St. Andre Bessette

Feastday: January 6
Beatified By: Pope John Paul II
Canonized By: October 17, 2010, Saint Peter's Square, Rome, by Pope Benedict XVI
 
When Alfred Bessette came to the Holy Cross Brothers in 1870, he carried with him a note from his pastor saying, "I am sending you a saint." The Brothers found that difficult to believe. Chronic stomach pains had made it impossible for Alfred to hold a job very long and since he was a boy he had wandered from shop to shop, farm to farm, in his native Canada and in the United States, staying only until his employers found out how little work he could do. The Holy Cross Brothers were teachers and, at 25, Alfred still did not know how to read and write. It seemed as if Alfred approached the religious order out of desperation, not vocation. 

Alfred was desperate, but he was also prayerful and deeply devoted to God and Saint Joseph. He may have had no place left to go, but he believed that was because this was the place he felt he should have been all along. 

The Holy Cross Brothers took him into the novitiate but soon found out what others had learned -- as hard as Alfred, now Brother Andre, wanted to work, he simply wasn't strong enough. They asked him to leave the order, but Andre, out of desperation again, appealed to a visiting bishop who promised him that Andre would stay and take his vows. 

After his vows, Brother Andre was sent to Notre Dame College in Montreal (a school for boys age seven to twelve) as a porter. There his responsibilities were to answer the door, to welcome guests, find the people they were visiting, wake up those in the school, and deliver mail. Brother Andre joked later, "At the end of my novitiate, my superiors showed me the door, and I stayed there for forty years." 

In 1904, he surprised the Archbishop of Montreal if he could, by requesting permission to, build a chapel to Saint Joseph on the mountain near the college. The Archbishop refused to go into debt and would only give permission for Brother Andre to build what he had money for. What money did Brother Andre have? Nickels he had collected as donations for Saint Joseph from haircuts he gave the boys. Nickels and dimes from a small dish he had kept in a picnic shelter on top of the mountain near a statue of St. Joseph with a sign "Donations for St. Joseph." He had collected this change for years but he still had only a few hundred dollars. Who would start a chapel now with so little funding? 

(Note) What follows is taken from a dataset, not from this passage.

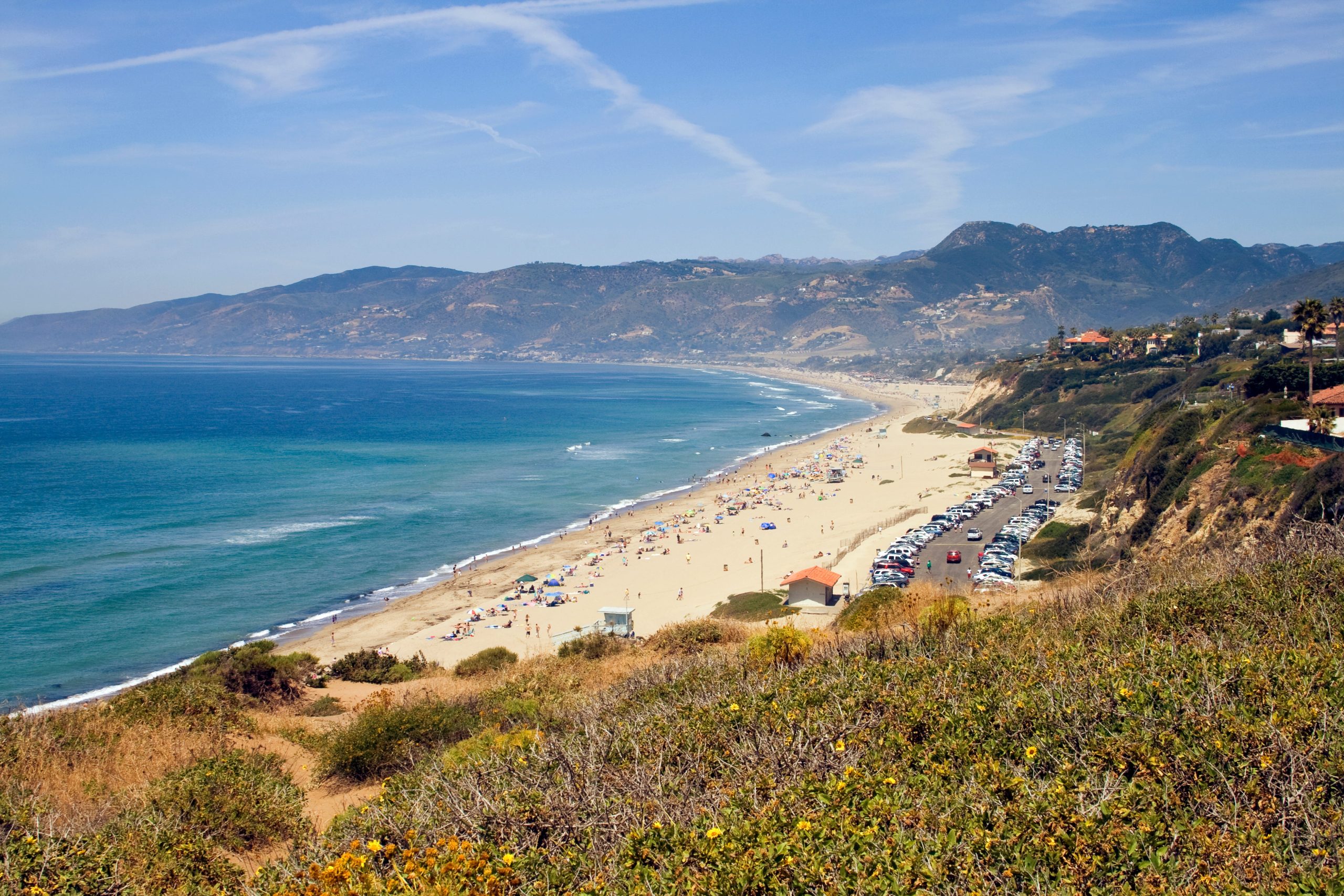 Coastal view of Malibu Beach near Kamala Harris’s Point Dume home, showing the Pacific Ocean, sandy shoreline, and the surrounding bluffside landscape.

Andre took his few hundred dollars and built what he could ... a small wood shelter only fifteen feet by eighteen feet. He kept collecting money and went back three years later to request more building. The wary Archbishop asked him, "Are you having visions of Saint Joseph telling you to build a church for him?" 

Brother Andre reassured him. "I have only my great devotion to St. Joseph to guide me."
The Archbishop granted him permission to keep building as long as he didn't go into debt. He started by adding a roof so that all the people who were coming to hear Mass at the shrine wouldn't have to stand out in the rain and the wind. Then came walls, heating, a paved road up the mountain, a shelter for pilgrims, and finally a place where Brother Andre and others could live and take care of the shrine -- and the pilgrims who came - full-time. Through kindness, caring, and devotion, Brother Andre helped many souls experience healing and renewal on the mountaintop. There were even cases of physical healing. But for everything, Brother Andre thanked St. Joseph. 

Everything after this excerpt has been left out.